### Required work
There is a line containing "This stunning dining" in the records below. Repeat it and every line after it, exactly, through the final line, but no pictures.

Excerpts from a dataset:
• • •

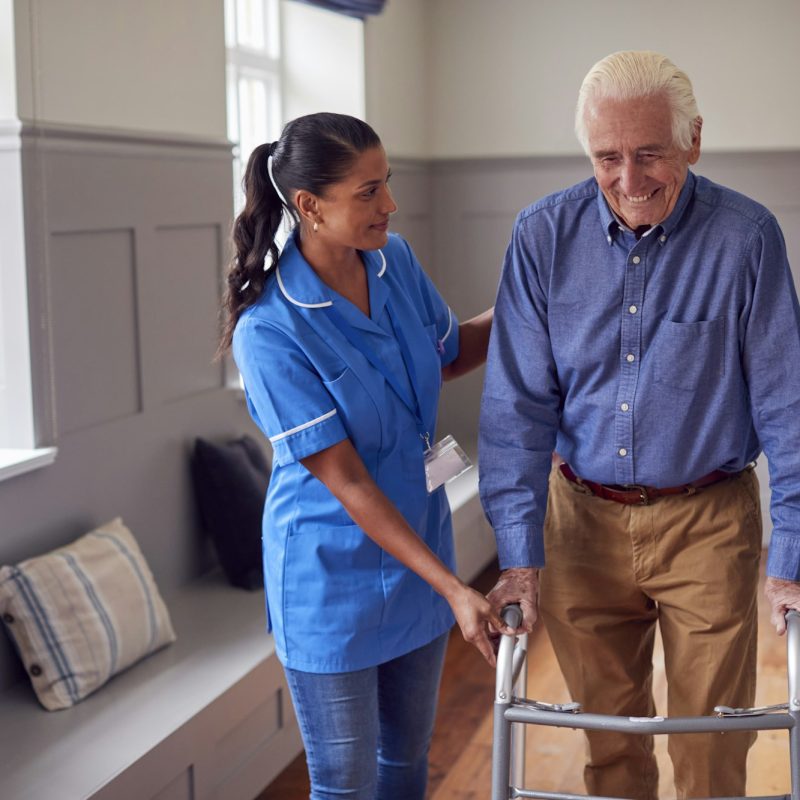 Senior Man At Home Using Walking Frame Being Helped By Female Care Worker In Uniform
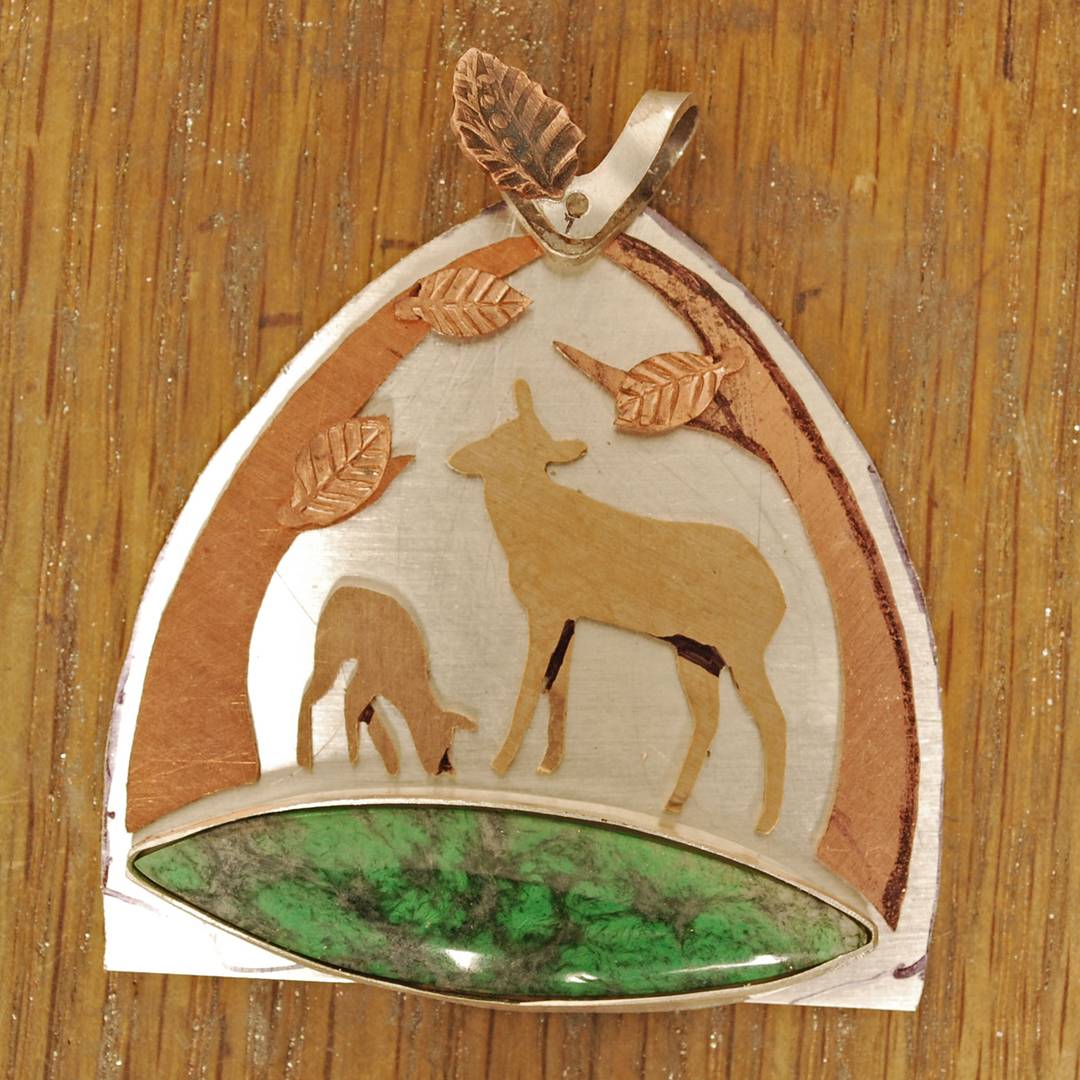 pendant in progress: silver with maw sit sit stone on bottom, bronze deer, copper tree frames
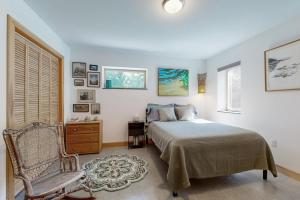 a bedroom with a bed and a chair and a window at Secluded 2 BR Cottage w/ Private W/D, WiFi & Patio in Franklin Road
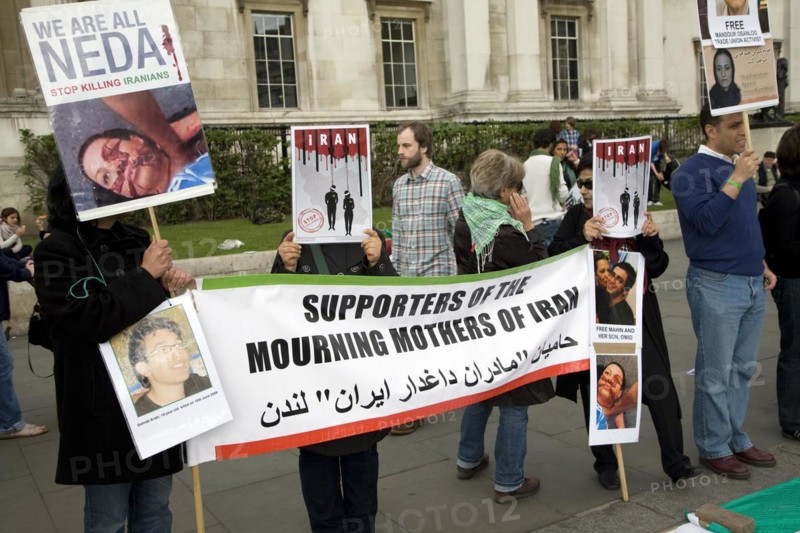 May Day march and rally at Trafalgar Square, London, England, UK May 1st, 2010 Silent protestors against regime in Iran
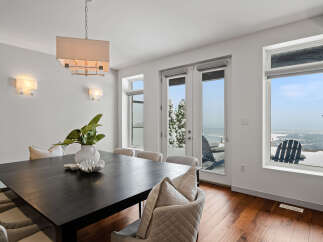 This stunning dining room boasts a modern aesthetic with a sleek, dark wood dining table and elegant seating.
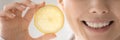 Cropped close up woman with healthy smile holding lemon slice Royalty Free Stock Photo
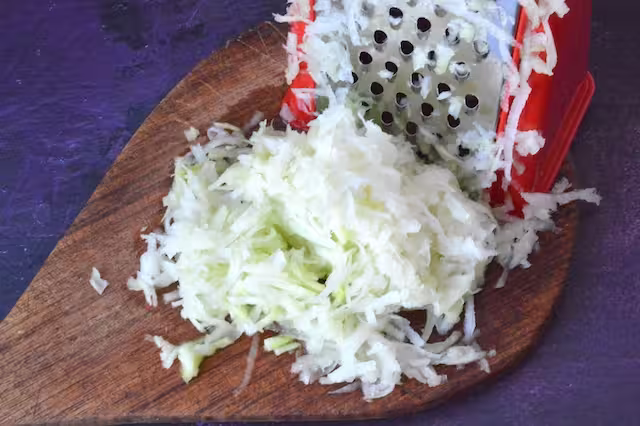 Grated kohlrabi with box grater on board.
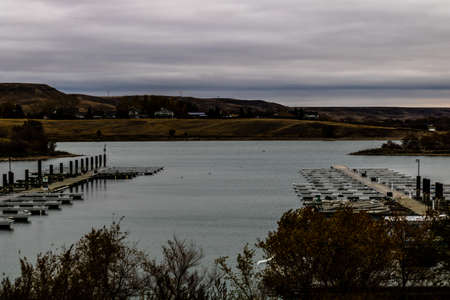 Gloomy snow laden skies get ready to put the finishing touches on summer over diefenbaker lake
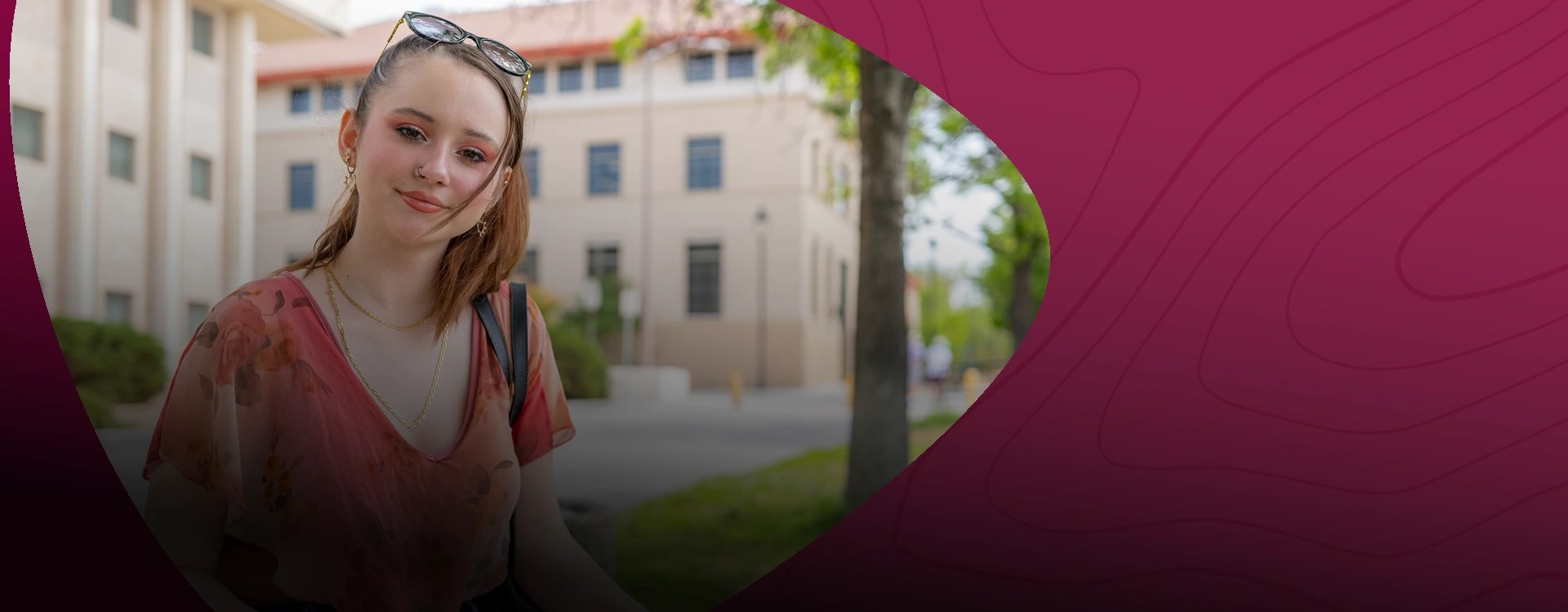 Smiling female student poses in front of school building — Apply to New Mexico State University Global Campus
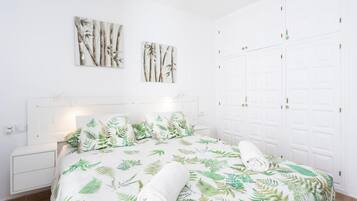Une chambre à coucher avec un lit, deux tableaux accrochés au mur, une armoire et une table de chevet.
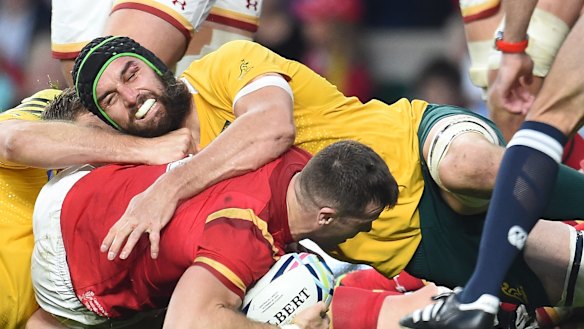 Advantage Australia: Gareth Davies is stopped short of the Wallabies' try line by Scott Fardy during their Rugby World Cup 2015 pool A match. Australia won the clash 15-6.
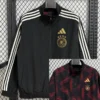 Black Adidas track jacket with white three-stripe sleeves and gold German national team crest on the left chest; zip front, elastic hem.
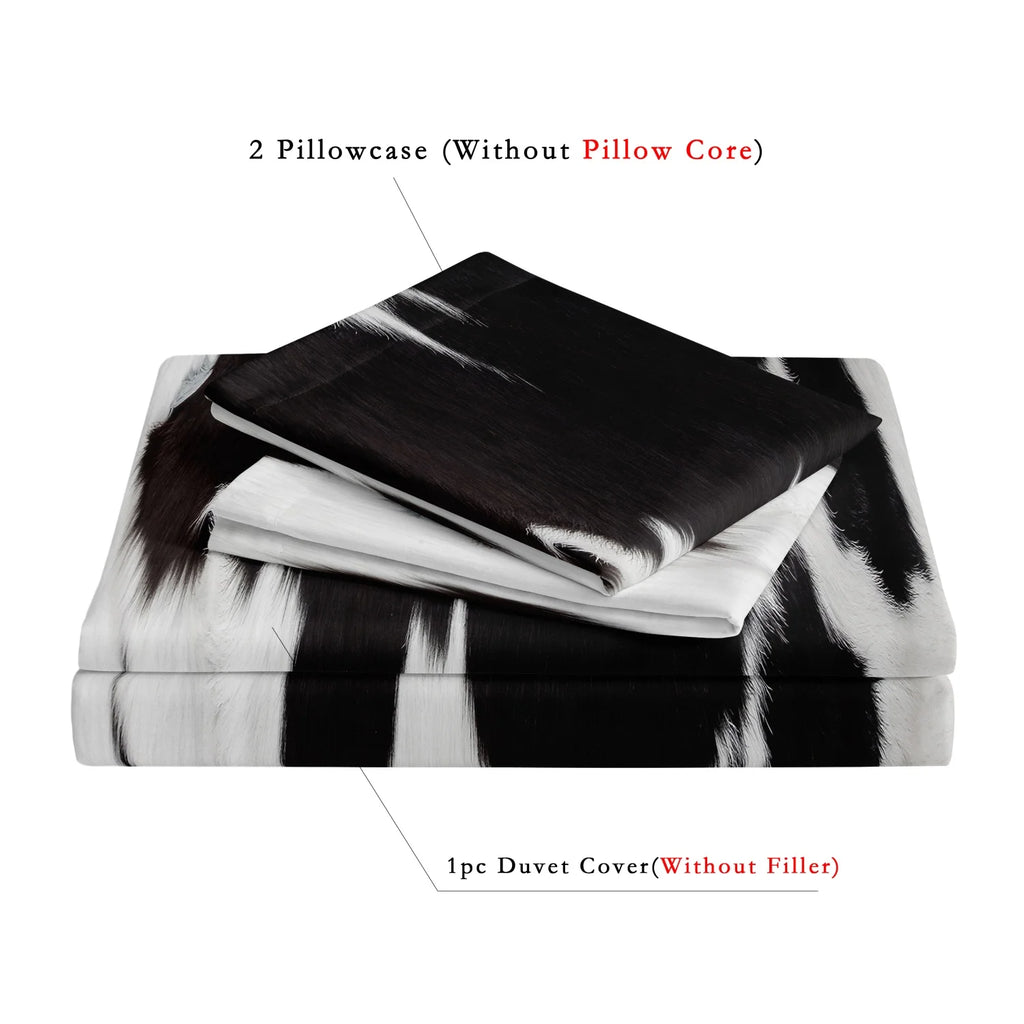 Black and white cow print 3-piece bedding set with matching pillowcases styled on a modern bed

• • •

### Expected answer
 This stunning dining room boasts a modern aesthetic with a sleek, dark wood dining table and elegant seating.
 Cropped close up woman with healthy smile holding lemon slice Royalty Free Stock Photo
 Grated kohlrabi with box grater on board.
 Gloomy snow laden skies get ready to put the finishing touches on summer over diefenbaker lake
 Smiling female student poses in front of school building — Apply to New Mexico State University Global Campus
Une chambre à coucher avec un lit, deux tableaux accrochés au mur, une armoire et une table de chevet.
 Advantage Australia: Gareth Davies is stopped short of the Wallabies' try line by Scott Fardy during their Rugby World Cup 2015 pool A match. Australia won the clash 15-6.
 Black Adidas track jacket with white three-stripe sleeves and gold German national team crest on the left chest; zip front, elastic hem.
 Black and white cow print 3-piece bedding set with matching pillowcases styled on a modern bed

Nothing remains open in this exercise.